It does affect you...more than you think
Spoon size, plate size and glass shape all matter much more than you'd expect, so buy smaller plates and bowls and narrow glasses, use them at home, and you'll eat less, he advised.
"Even the pros are fooled, so don't think it doesn't affect you," he said. In one Wansink experiment, professional bartenders poured 28 percent more alcohol into short, wide glasses than into tall, slender glasses, even though they believed they had done the opposite.
Another trick is to rearrange your cupboards and refrigerators so healthy foods are at eye level, visually appealing, and the first thing you see. Place the unhealthy choices on a shelf that's hard to get to so you have to work to reach them, he said.
What if you re-engineer your cupboards, only to be sabotaged by family members who resent not being able to find the potato chips?

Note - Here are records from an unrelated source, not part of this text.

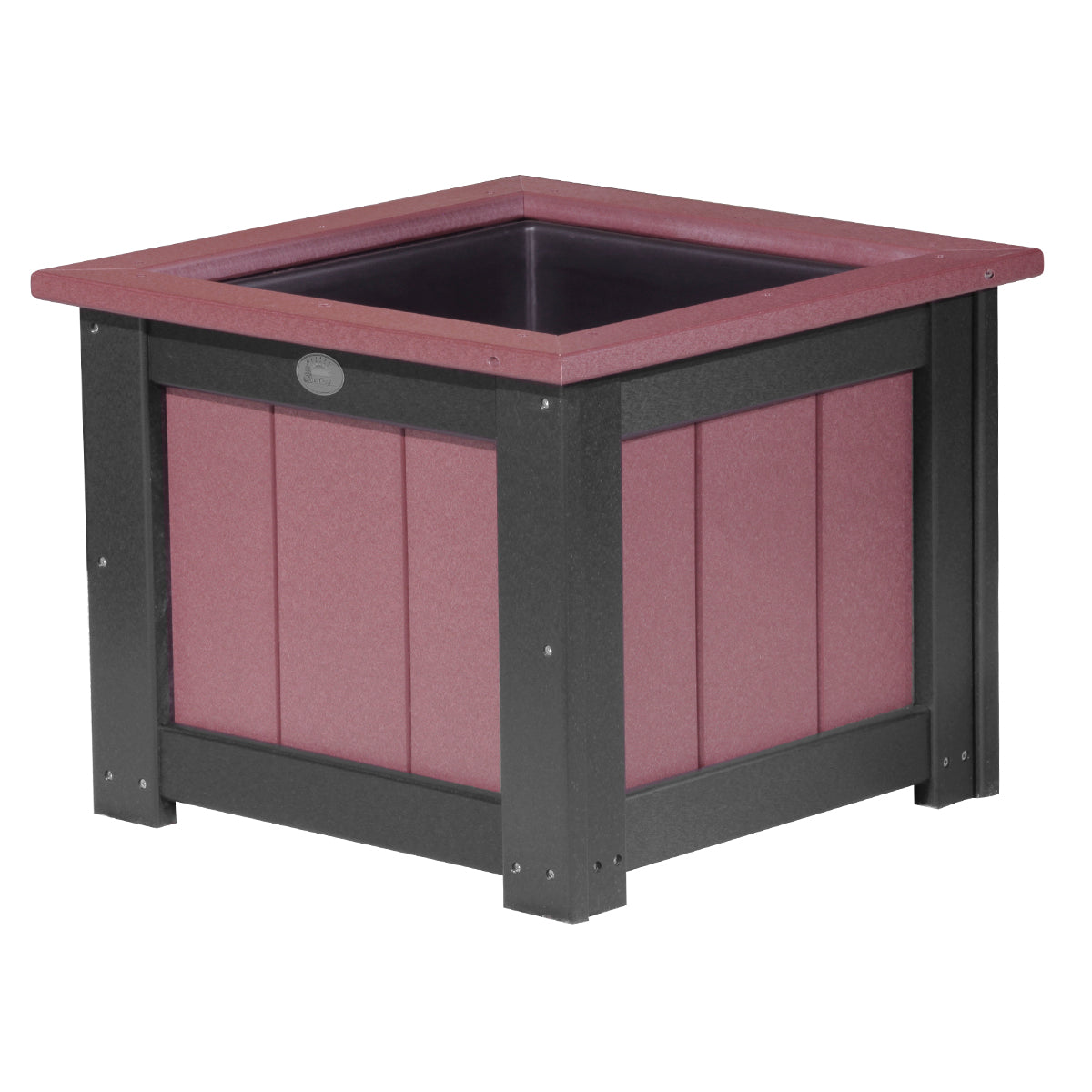 LuxCraft Poly Square Planter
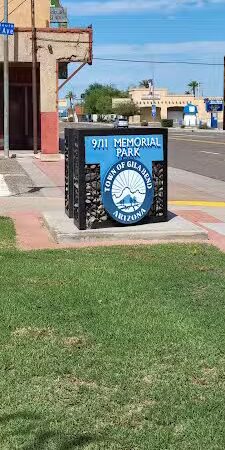 Gila Bend 9/11 Memorial Park - Gila Bend, AZ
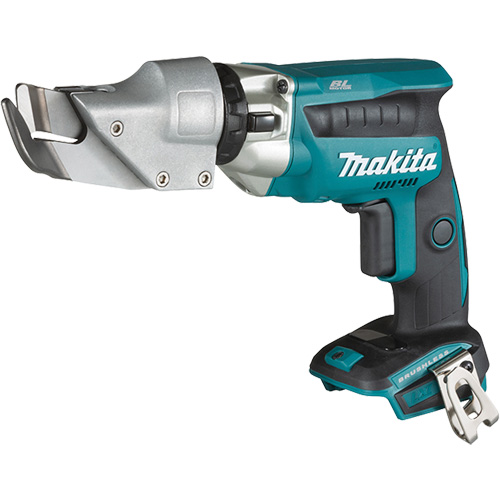 Cordless 18 Gauge Offset Shears with Brushless Motor (Tool Only) Nia-Chem Ltd.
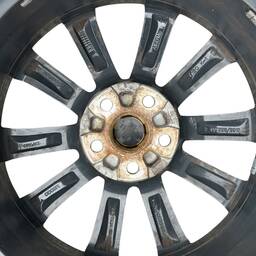 RODA LIFAN X60 ARO 18 5X114 FF23 2017 2018 2019 2020 #3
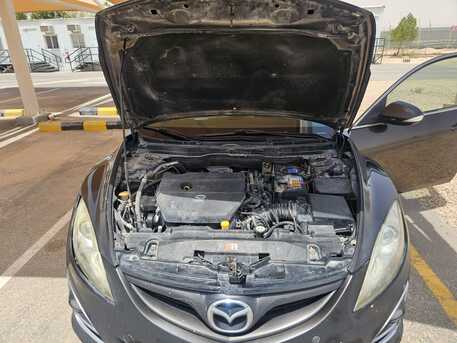 Hofuf, Vehicles, Cars & Trucks , SAR 20000,  Mazda 6,  2012,  Automatic,  382 KM,  I Want To Sell My   2.5GH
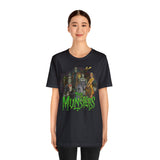 The Munsters 1964 Vintage Men's T-Shirt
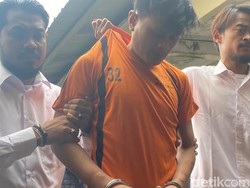 Akhir Pelarian Auy, Pembunuh Pedagang Sayur di Sukabumi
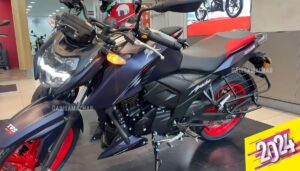 कॉलेज छात्रों की पहली पसंद बनी, TVS Apache RTR 160 बाइक, जानिए कितनी है कीमत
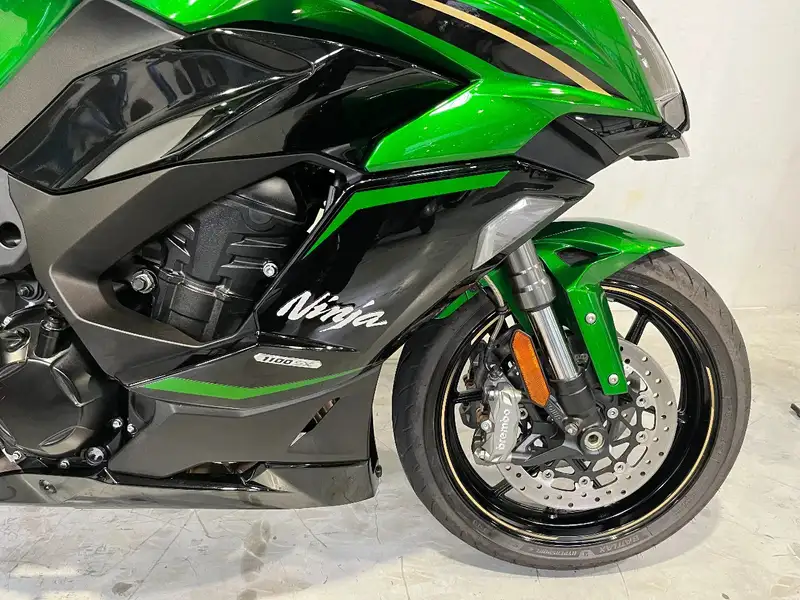 Kawasaki Ninja 1100SX SE - foto 5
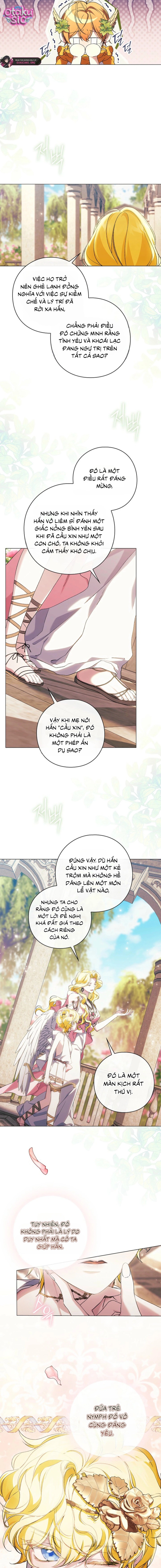 Dành Cho Nữ Thần: Dành Cho Daphne - Chap 43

"There are different things you can do if you're the nutritional gatekeeper--the person who has the most control over what's purchased and prepared--in your family," he said. "If you keep rearranging things, eventually things should fall into the right pattern, because the first time a family member encounters a change, that snack might seem out of place. It just takes time to break those habits."
Changes in routine can make a difference
"Serve from the table or counter instead of the stove," he said.
If your office mate keeps a dish of chocolate kisses on his desk, you could mention that you're being tempted. "Most friends are pretty supportive of a person's efforts to change their eating habits. Your co-worker may help you out by moving the candy to the other side of the room. If you have to make more of an effort to get the candy, you're less likely to eat it," he said.
And sometimes out of sight really does mean out of mind. In lunchroom experiments, when ice cream was covered with butcher paper, people were less likely to ask for it.
Stress eating
Stress only accounts for about 11 percent of reported overeating, Wansink said.
"Stress eating occurs in one of two ways. Either people are eating too much at one time, or they're eating too frequently," he said. "A good way to counter this is make sure you only eat at the table. Make a rule that you can't eat at the desk or on the couch," he said.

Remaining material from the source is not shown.